Я осматриваю красное кресло и вспоминаю: балетки остались у бабушки перед тридцать первым декабря.
Сережа не слышит, но видит мои глаза и кивает головой: «Что?»
— Балетки, балетки! — Зачем-то делаю шаг к нему.
Мы стоим нос к носу, очень близко, почти интимно — от этого светящийся огоньками холл начинает раскачиваться, тепло сочится под кожей, стекает волнами.
— Балетки у бабушки. Побудешь с Котькой? Я быстро — дом через дорогу.
Сережа подходит к креслу с Котькой, стоит чужим, а я убегаю к выходу, пытаясь попасть на ходу собачкой в замок куртки. Капюшон натягиваю уже на улице.
Бабушка Ксения — «двоюродная». В детстве мы с братом бегали к ней домой за сладостями. Меня, взрослую, она продолжает считать маленькой и рассовывает по карманам конфеты.
Я бегу мимо уродской треугольной елки у ДК, через дорогу под навешенными сосульками-фонариками, мороз обжигает щеки, но мне жарко.
В бабушкиной квартире пахнет куриным супом и валерьянкой. Лицо бабушки кажется непривычным — давно я ее не видела. С прошлой зимы, когда умер на Севере Пашка — ее младший сын.
— Ари-ишенька, — радуется бабушка. — Курочку будешь? — Она сжимает руками передник. — Супчик лапшичный наварила, как чувствовала.
— Балетки, ба, балетки быстрее, — злюсь я, утыкаюсь взглядом в ком слежавшихся волос с боку ее головы.
С моих сапог стекает подтаявший снег, я в нетерпении чиркаю молнией куртки вниз.
Бабушка неторопливо переступает тапочками, возится где-то в зале, шуршит пакетами.
— А я радая такая, Аришеньку увядала, красиванькую, молоденькую, — напевает бабушка.
— Ба, быстрее! — Я дую под ворот футболки.
— Аришенька камфетки любит, а Котенька — бабочек.
— Ба-а-а.
Нестерпимо пахнет старостью.

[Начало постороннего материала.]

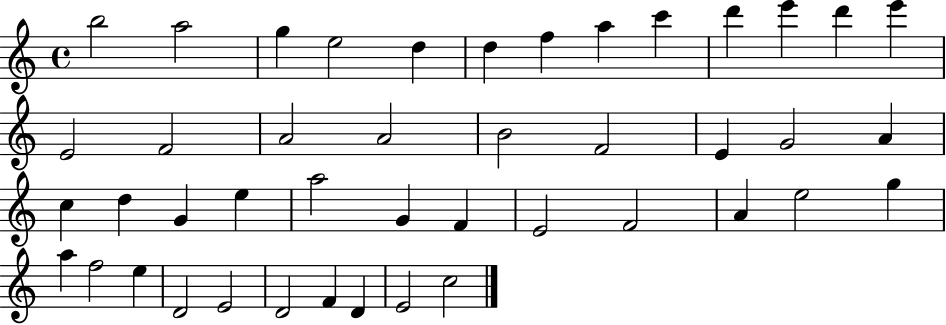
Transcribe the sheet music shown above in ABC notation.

X:1
T:Untitled
M:4/4
L:1/4
K:C
b2 a2 g e2 d d f a c' d' e' d' e' E2 F2 A2 A2 B2 F2 E G2 A c d G e a2 G F E2 F2 A e2 g a f2 e D2 E2 D2 F D E2 c2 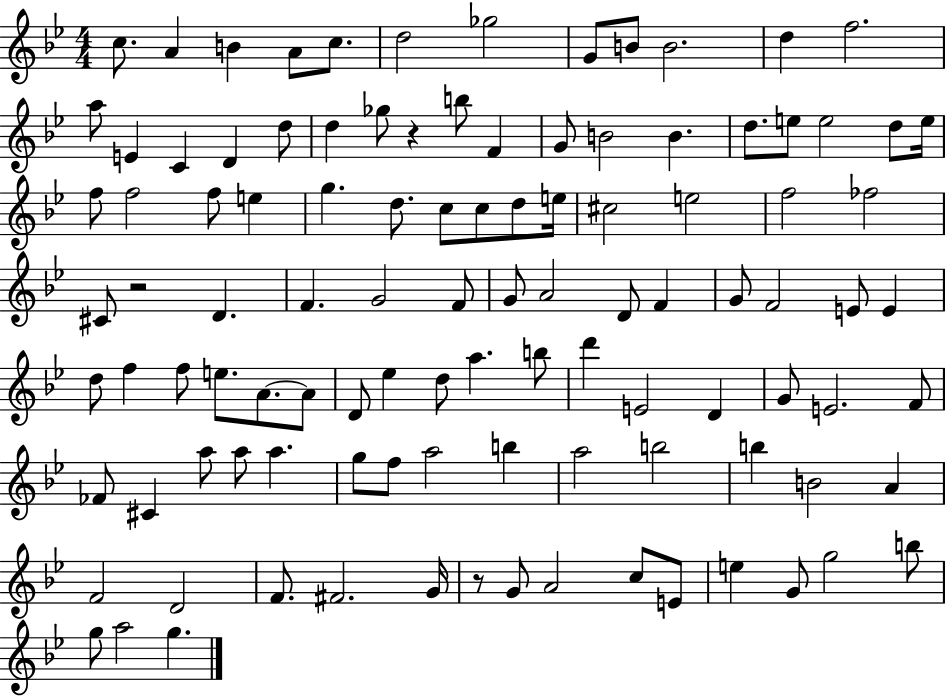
C5/e. A4/q B4/q A4/e C5/e. D5/h Gb5/h G4/e B4/e B4/h. D5/q F5/h. A5/e E4/q C4/q D4/q D5/e D5/q Gb5/e R/q B5/e F4/q G4/e B4/h B4/q. D5/e. E5/e E5/h D5/e E5/s F5/e F5/h F5/e E5/q G5/q. D5/e. C5/e C5/e D5/e E5/s C#5/h E5/h F5/h FES5/h C#4/e R/h D4/q. F4/q. G4/h F4/e G4/e A4/h D4/e F4/q G4/e F4/h E4/e E4/q D5/e F5/q F5/e E5/e. A4/e. A4/e D4/e Eb5/q D5/e A5/q. B5/e D6/q E4/h D4/q G4/e E4/h. F4/e FES4/e C#4/q A5/e A5/e A5/q. G5/e F5/e A5/h B5/q A5/h B5/h B5/q B4/h A4/q F4/h D4/h F4/e. F#4/h. G4/s R/e G4/e A4/h C5/e E4/e E5/q G4/e G5/h B5/e G5/e A5/h G5/q. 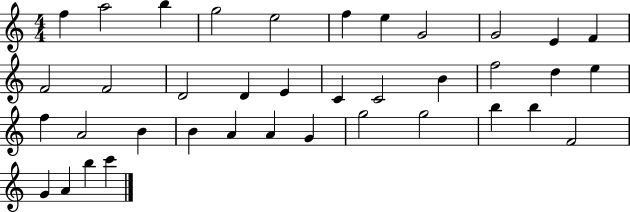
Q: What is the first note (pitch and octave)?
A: F5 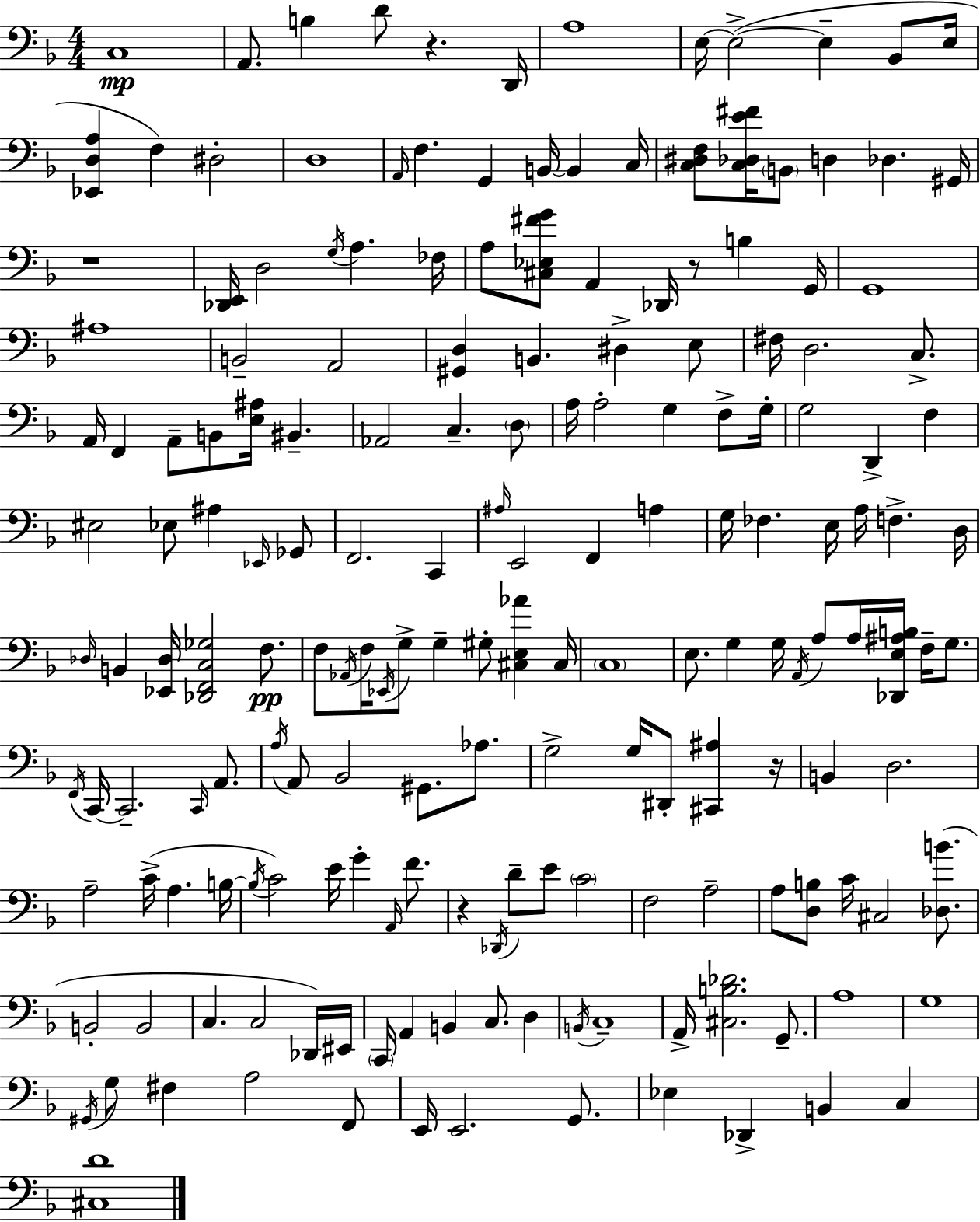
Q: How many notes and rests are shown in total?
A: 180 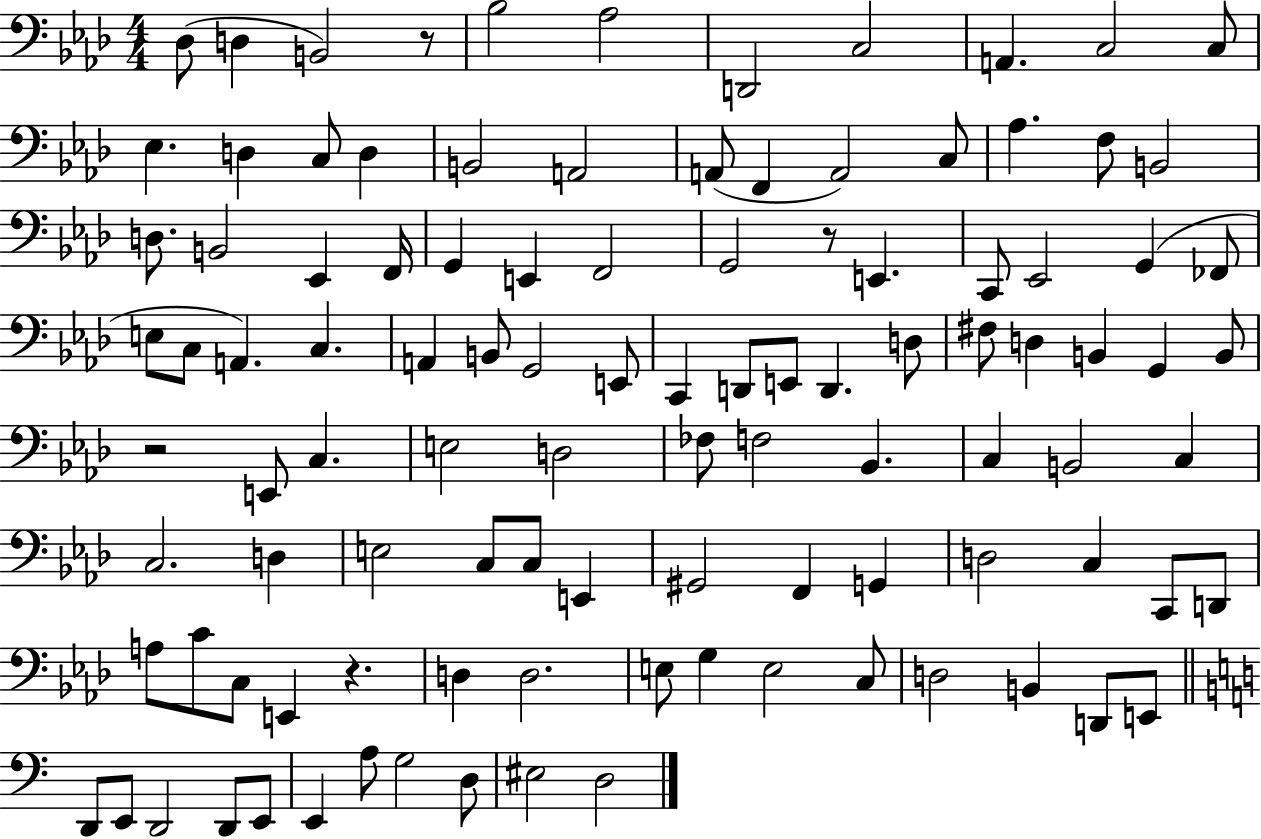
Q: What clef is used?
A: bass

Я делаю шаг, чтобы заглянуть в зал: на овальных настенных часах почти без двух шесть. Поднимаю ногу и отхожу назад. На полу остается мокрое грязное пятно. Бабушка не замечает пятно и шаркает мягкими тапочками по нему, тянет ко мне пакет. Дряблая кожица на ее руках дрожит, под ней вырисовываются косточки.
— Откуда бабочки на балетках? — заглядываю я в пакет.
— Наши-ила. Для Коти.
Я отворачиваюсь и дергаю дверную ручку.
— Аришенька — ма-ахонькая, как семиклассница, — слышу сзади.
Стены в подъезде разрисованы черным. Я нажимаю на кнопку лифта. Меня раздражает обрубок света, падающий из раскрытой двери, будто бабушка ждет чего-то, ловит меня.
— Курточку бы подлиннее, застудисся.
В лифте я смотрю на свое лицо в зеркале. В ледяных глазах — усталость, раздраженность — как их убрать, чтобы Сережа не увидел? Я делаю попытку улыбнуться.
В холле Дворца культуры уже нет кузнечиков в шортиках и танцевальных купальниках. Лица родителей, сидящих в креслах, освещаются экранами телефонов. Сережа стоит на том же месте рядом с сидящей Котькой и смотрит в переливающееся от новогодних гирлянд окно. У Котьки на глазах слезы.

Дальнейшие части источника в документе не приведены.